DIRECTIONS:
Return an exact transcript of the material below from the line containing "Грайворонские боксёры встретились" through its final line, and no other lines.

INPUT RECORDS:
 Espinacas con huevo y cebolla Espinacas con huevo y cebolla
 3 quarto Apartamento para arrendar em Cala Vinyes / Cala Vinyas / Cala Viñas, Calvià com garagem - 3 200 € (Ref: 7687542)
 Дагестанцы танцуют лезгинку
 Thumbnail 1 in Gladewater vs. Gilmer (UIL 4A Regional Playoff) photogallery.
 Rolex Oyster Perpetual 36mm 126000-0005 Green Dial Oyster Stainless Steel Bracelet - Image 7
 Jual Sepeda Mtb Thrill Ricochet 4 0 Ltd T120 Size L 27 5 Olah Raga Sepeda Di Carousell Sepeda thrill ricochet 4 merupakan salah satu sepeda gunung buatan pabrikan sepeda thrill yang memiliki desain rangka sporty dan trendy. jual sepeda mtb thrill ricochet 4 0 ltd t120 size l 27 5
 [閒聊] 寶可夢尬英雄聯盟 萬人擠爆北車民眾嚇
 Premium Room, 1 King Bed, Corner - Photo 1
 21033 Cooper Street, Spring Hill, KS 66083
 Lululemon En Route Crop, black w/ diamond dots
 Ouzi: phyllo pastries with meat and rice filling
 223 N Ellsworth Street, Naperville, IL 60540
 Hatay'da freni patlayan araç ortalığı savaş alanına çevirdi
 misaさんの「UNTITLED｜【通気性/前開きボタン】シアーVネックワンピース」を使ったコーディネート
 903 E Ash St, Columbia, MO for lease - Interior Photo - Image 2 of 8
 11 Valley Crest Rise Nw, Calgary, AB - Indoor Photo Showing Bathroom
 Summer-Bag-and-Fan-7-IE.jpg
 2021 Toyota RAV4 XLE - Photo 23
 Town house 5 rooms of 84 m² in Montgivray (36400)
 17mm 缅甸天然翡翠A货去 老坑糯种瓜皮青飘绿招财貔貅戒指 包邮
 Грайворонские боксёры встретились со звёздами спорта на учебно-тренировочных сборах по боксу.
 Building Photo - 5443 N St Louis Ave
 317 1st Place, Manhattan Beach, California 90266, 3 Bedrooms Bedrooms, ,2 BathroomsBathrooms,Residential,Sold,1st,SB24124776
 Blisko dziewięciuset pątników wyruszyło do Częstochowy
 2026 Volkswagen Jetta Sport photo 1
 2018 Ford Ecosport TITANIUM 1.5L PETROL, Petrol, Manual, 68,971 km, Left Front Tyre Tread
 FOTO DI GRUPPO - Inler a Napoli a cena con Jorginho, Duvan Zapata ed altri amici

OUTPUT FOR THIS EXERCISE:
 Грайворонские боксёры встретились со звёздами спорта на учебно-тренировочных сборах по боксу.
 Building Photo - 5443 N St Louis Ave
 317 1st Place, Manhattan Beach, California 90266, 3 Bedrooms Bedrooms, ,2 BathroomsBathrooms,Residential,Sold,1st,SB24124776
 Blisko dziewięciuset pątników wyruszyło do Częstochowy
 2026 Volkswagen Jetta Sport photo 1
 2018 Ford Ecosport TITANIUM 1.5L PETROL, Petrol, Manual, 68,971 km, Left Front Tyre Tread
 FOTO DI GRUPPO - Inler a Napoli a cena con Jorginho, Duvan Zapata ed altri amici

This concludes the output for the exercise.